The result of this year’s survey of water quality at Scottish beaches has shown a slight increase in the number of Scottish beaches failing the minimum mandatory European standards, says SEPA. However, says the Agency, the number of sites passing the most stringent bathing water quality standards has equalled the previous best.
Each summer, 60 beaches are monitored 20 times between June and mid-September by SEPA for compliance with the European Bathing Water Directive which is designed to protect and enhance the quality of such waters throughout Europe. This summer, 51 beaches achieved mandatory passes, compared to 53 for 1999, though 40% of beaches – equal to last year’s record total – achieved the most stringent guideline values, indicating excellent water quality.
“The bathing waters that have failed this year are ones that have tended to fail in the past,” said SEPA’s Head of Water Policy, Colin Bayes. “As with before, the main reason for poor water quality at these sites is sewage effluent. The planned major investment by the water authorities must address the historic legacy of inadequate sewage treatment facilities and sewerage infrastructure in Scotland. SEPA is currently engaged in close dialogue with the water authorities to seek to ensure that their capital expenditure will be targeted to deliver maximum environmental benefits.”
Though SEPA is responsible for monitoring beaches, it is also up to other bodies such as water authorities to find solutions to the problem, and a big pooled effort is required, a SEPA spokesperson pointed out to edie.

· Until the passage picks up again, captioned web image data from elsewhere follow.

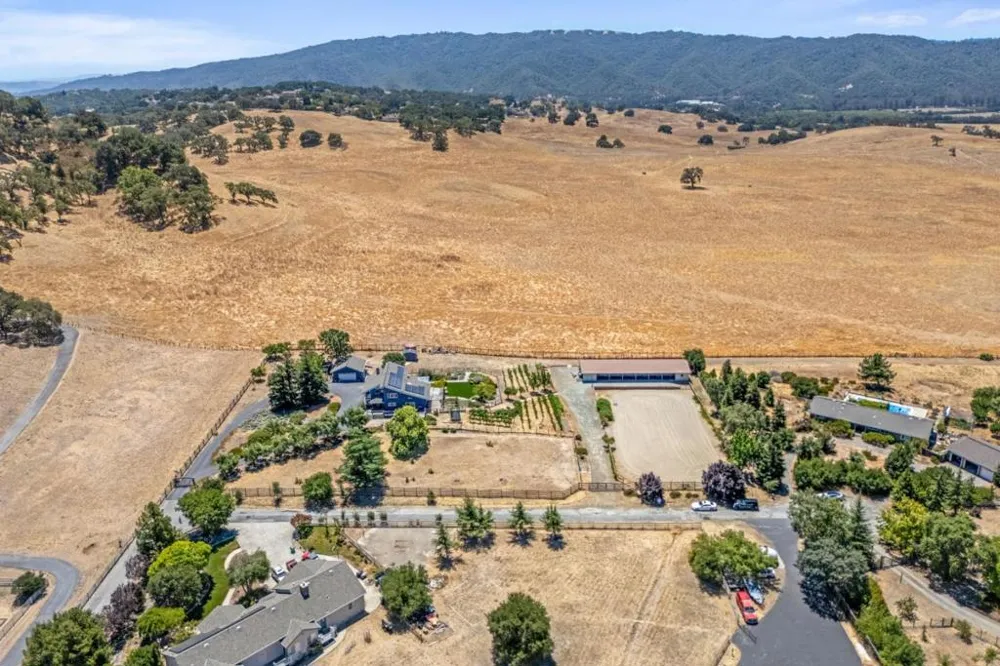 10115 Parrish View Drive Gilroy, CA 95020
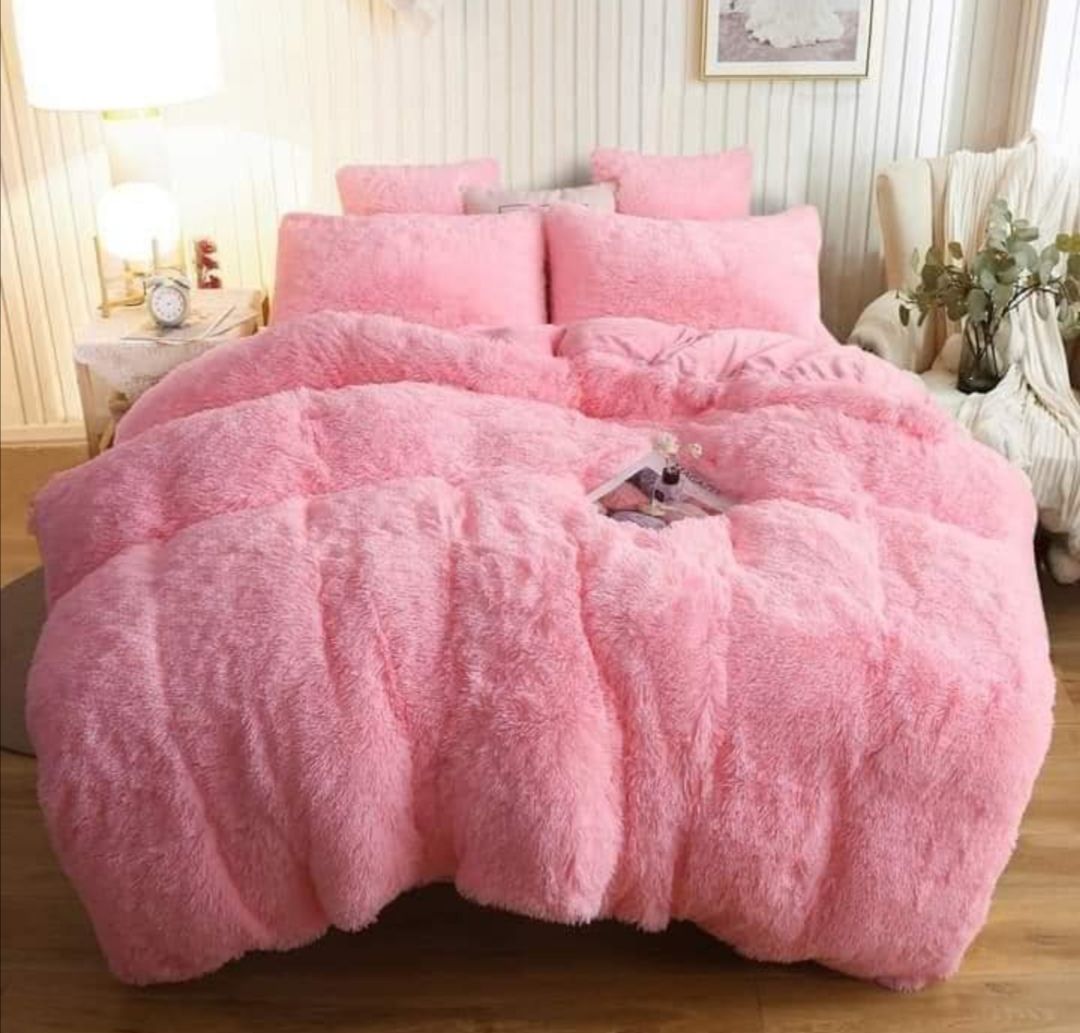 [🔥GRAB IT AT LOW PRICE+ ADDED OFFERS🔥 🥑🌽ONLY AT KILIMALL !!! ]  [ 6 x 7 ] 6pc Luxury Designs Velvet plush Fluffy Duvet set ( 1 Fluffy velvet Duvet ,1 Fleece Bedsheet & 4 pillowcases )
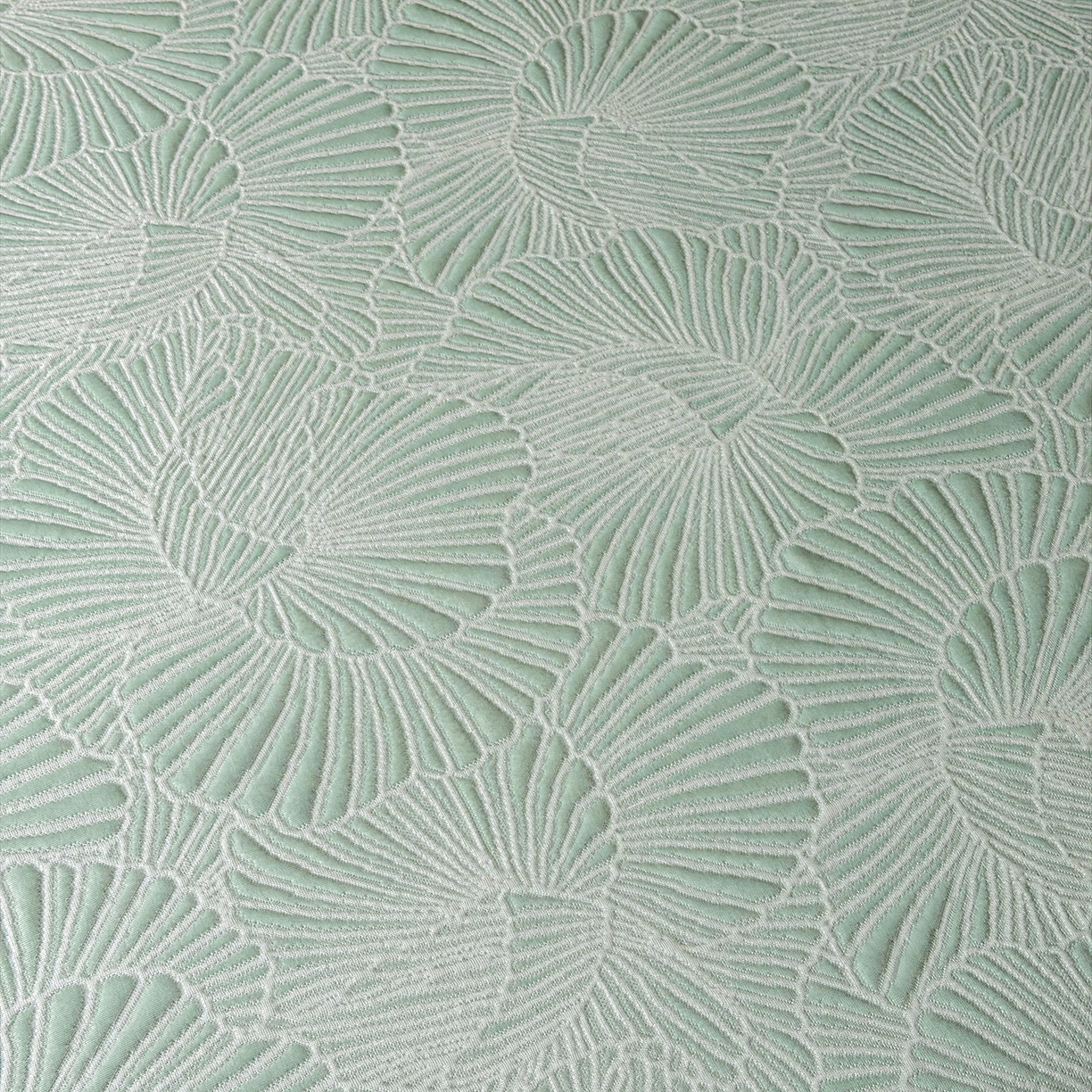 91家纺网 家纺一手货源 找家纺 牵梦萦家纺 2026新款立体浮雕压花工艺凉感豆豆凉席-床裙款 银杏叶-绿色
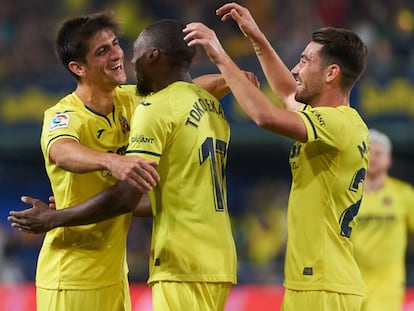 Los jugadores del Villarreal celebran un gol.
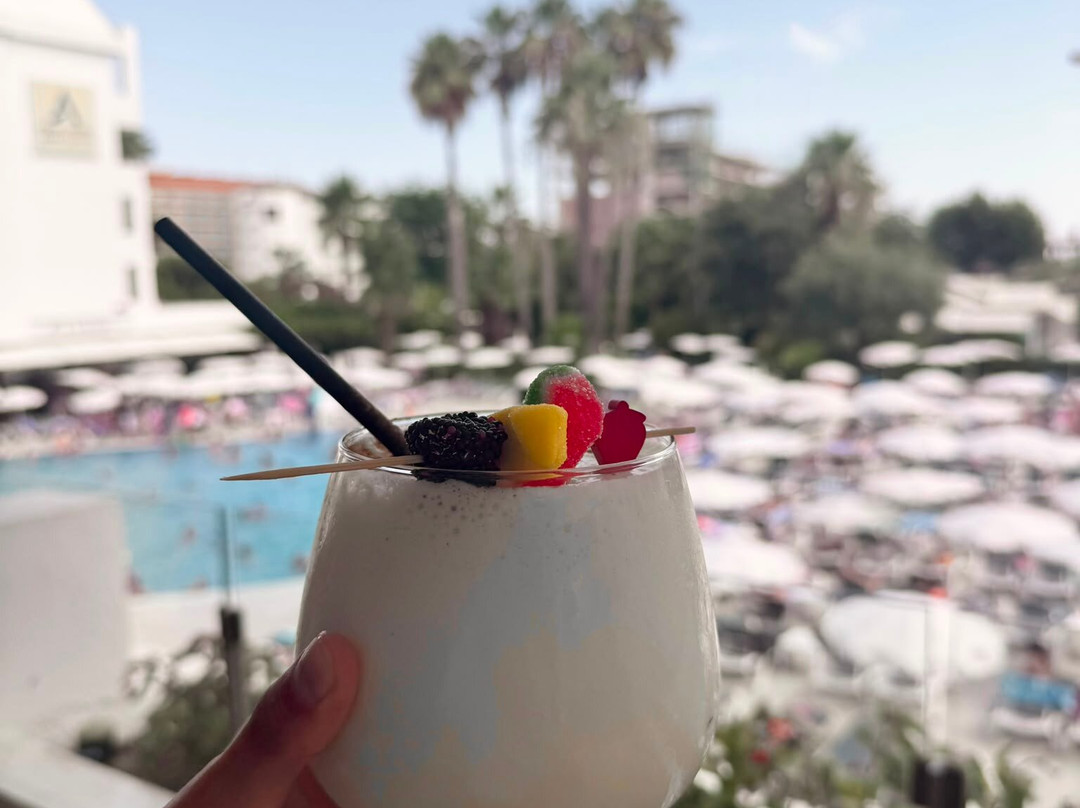 海蓝宝石水疗酒店主图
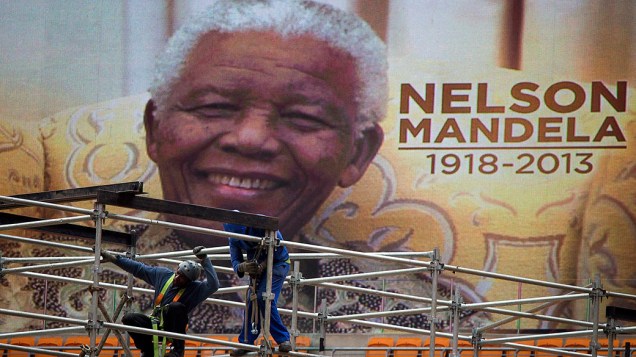 Operários trabalham para erguer palco no FNB Stadium, conhecido como Soccer City que receberá evento de despedida de Mandela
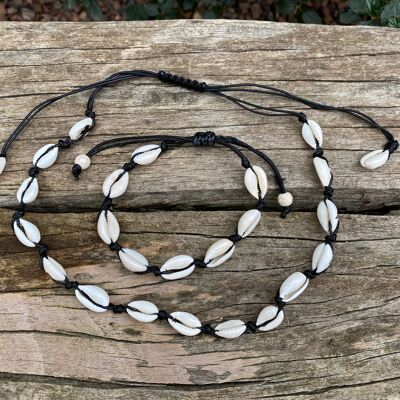 Adornment in black cowrie shells, bracelet and necklace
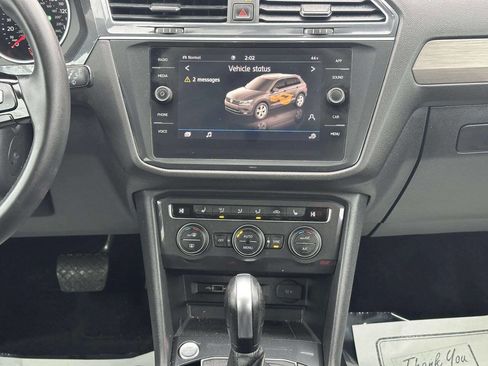Used 2020 Volkswagen Tiguan SE w/ Panoramic Sunroof Package image 35
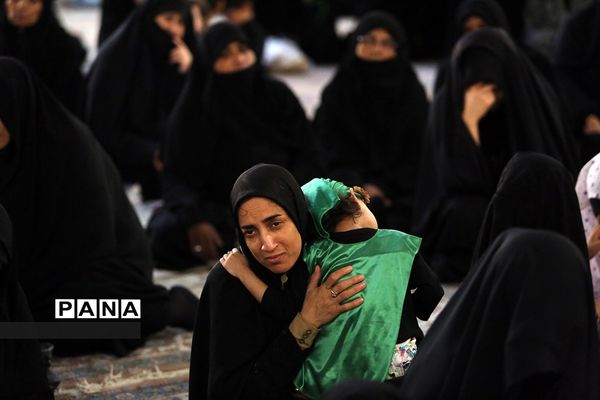 اجتماع بزرگ «سه ساله‌های کربلا» در حرم حضرت معصومه(س)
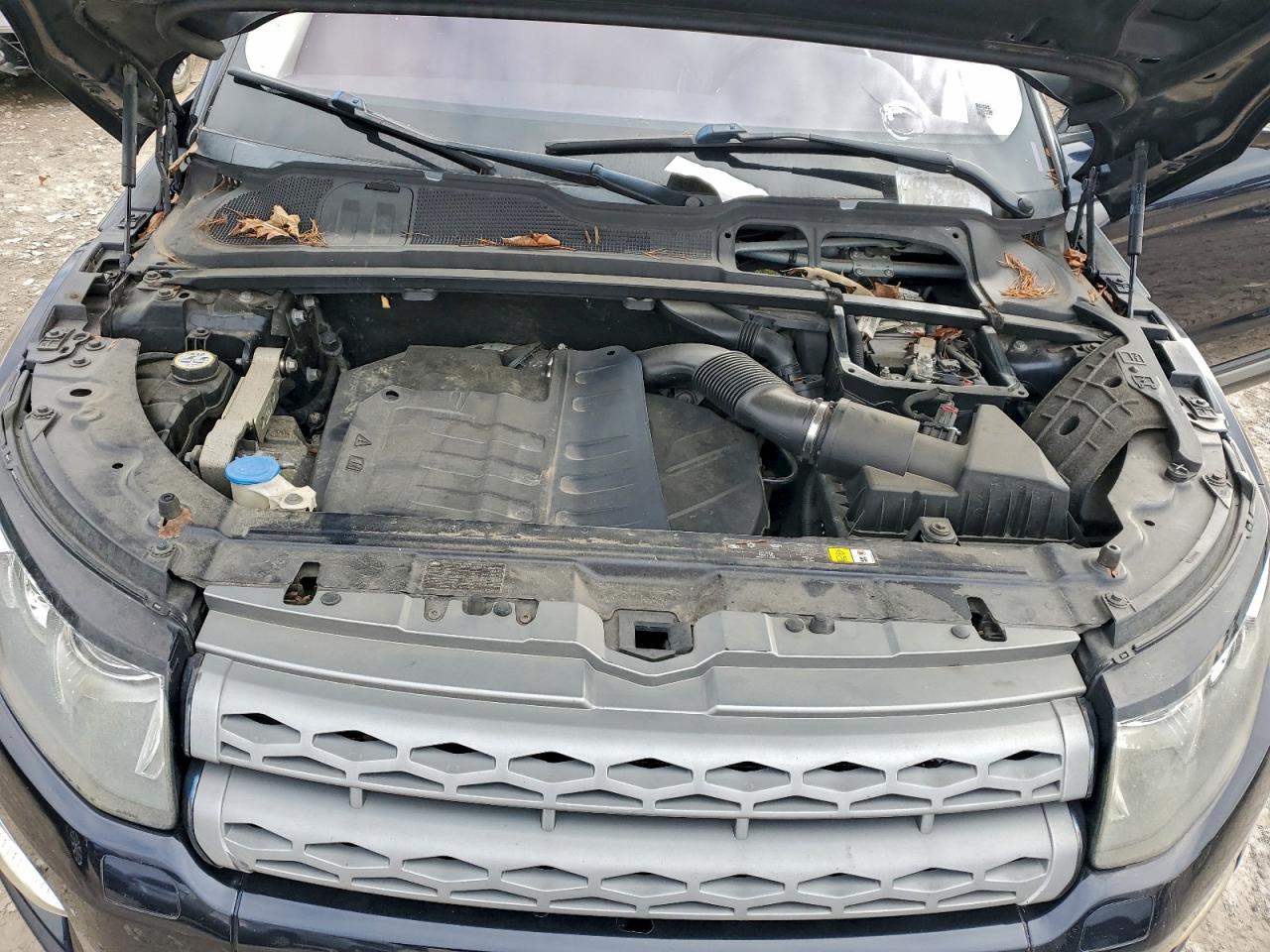 Land Rover Range Rover Pure Premium Image 11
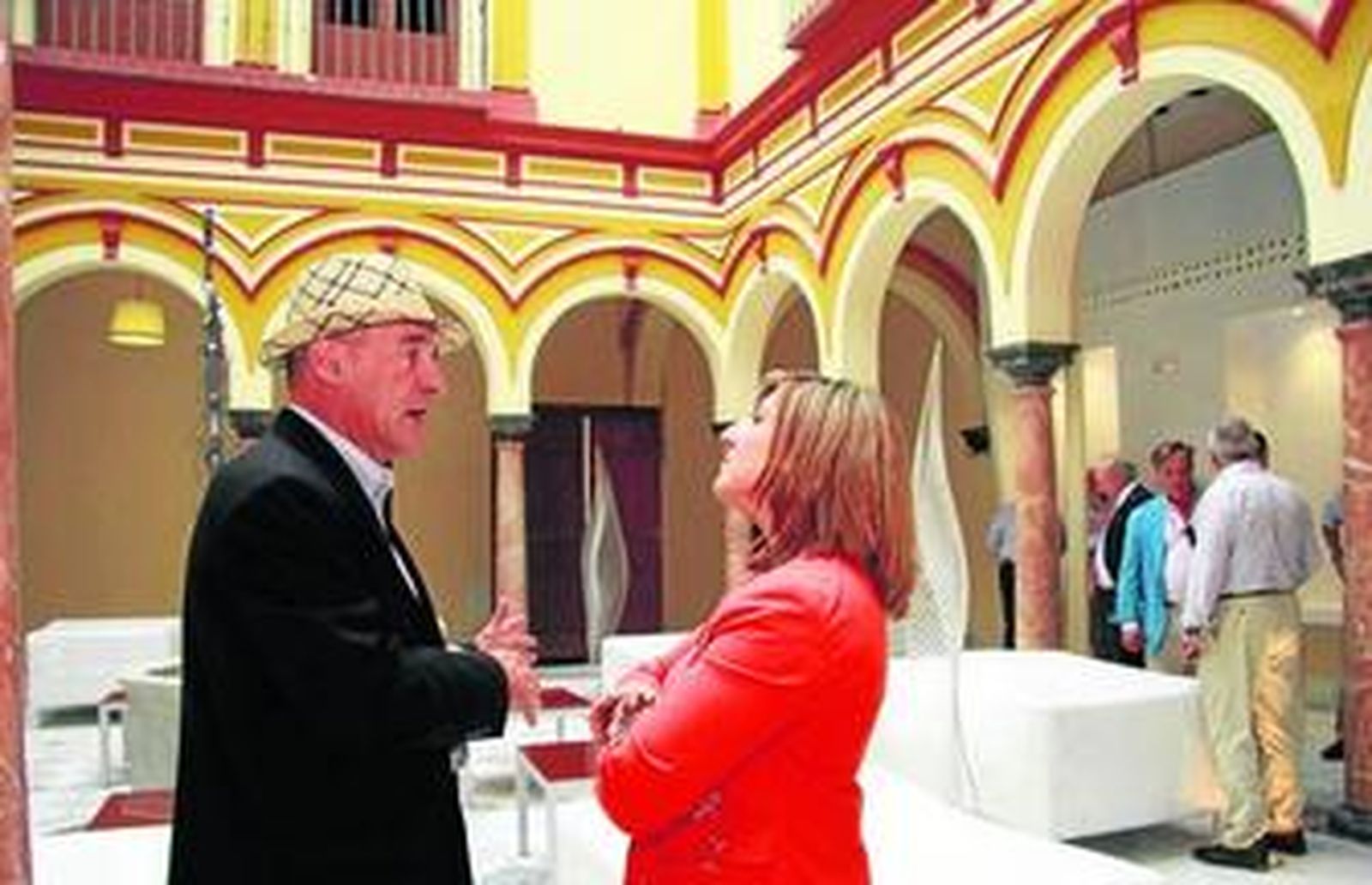 La alcaldesa conversa con el propietario del edificio, Javier Olaciregui, ayer en las instalaciones del nuevo hotel.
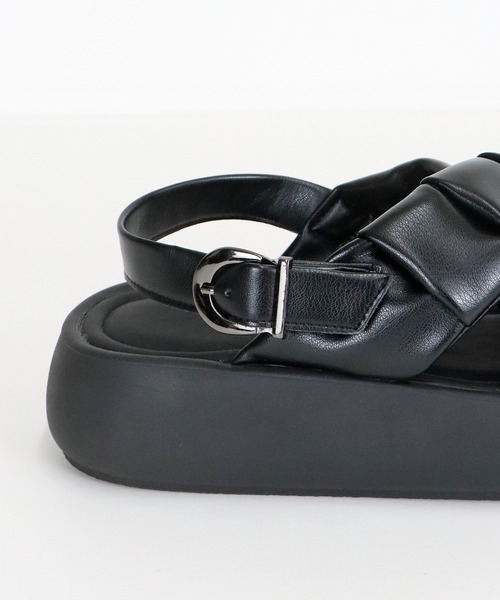 BLUEEAST（ブルーイースト）の「クロスベルト厚底コンフォートサンダル（サンダル・レディース・アイボリー/ブラック・MEDIUM/LARGE）」の7枚目の写真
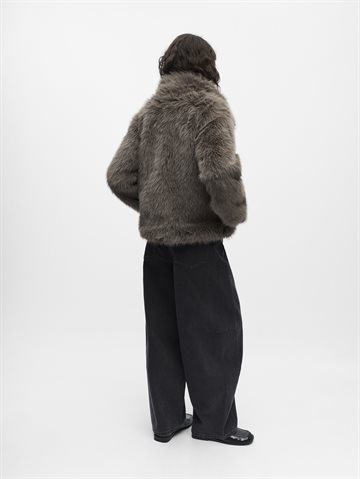 Object - Isadora Ls Hairy Coat - Magnet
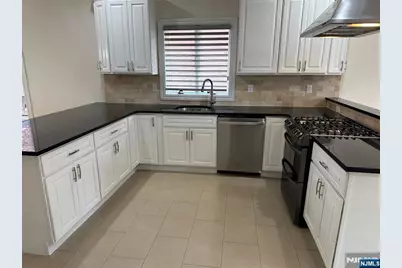 436A Lawton Avenue A #A, Cliffside Park, NJ 07010 - Photo 4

“Clearly, the present situation is not acceptable,” continued Bayes. “There is, however, an ever-increasing amount of data that we can use to drive forward bathing water quality improvements.” This year, says Bayes, research work in Ayreshire has helped identify improvements in farming practices which will reduce the risk of livestock waste polluting bathing waters. Extensive upgrading of sewerage systems will also be required, said Bayes.
“Things are improving but it is a national disgrace that we can still be swimming in sewage at some of Scotland’s most popular beaches,” said Dr Richard Dixon, Head of Research at Friends of the Earth.
The campaign organisation acknowledges the contribution of the weather to the last two year’s results. Dry sunny conditions in 1999 helped to minimise pollution, with wetter conditions in 2000 resulting in more overflowing sewage systems. “1998 was an exceptionally bad year, 1999 exceptionally good, 2000 has shown us the real picture is somewhere between the two, which means there is still plenty to do to bring our beaches up to scratch,” said Dixon.
Friends of the Earth are keen for more Scottish beaches to be included in the annual survey. “We know there are plenty of other beaches out there which should be on the list and we have been working with local communities this summer to collect the evidence needed to get their beaches the status they deserve,” said Dixon. “We are already seeing beaches which are not on the list slipping down the priorities with new investment providing only mediocre water quality.”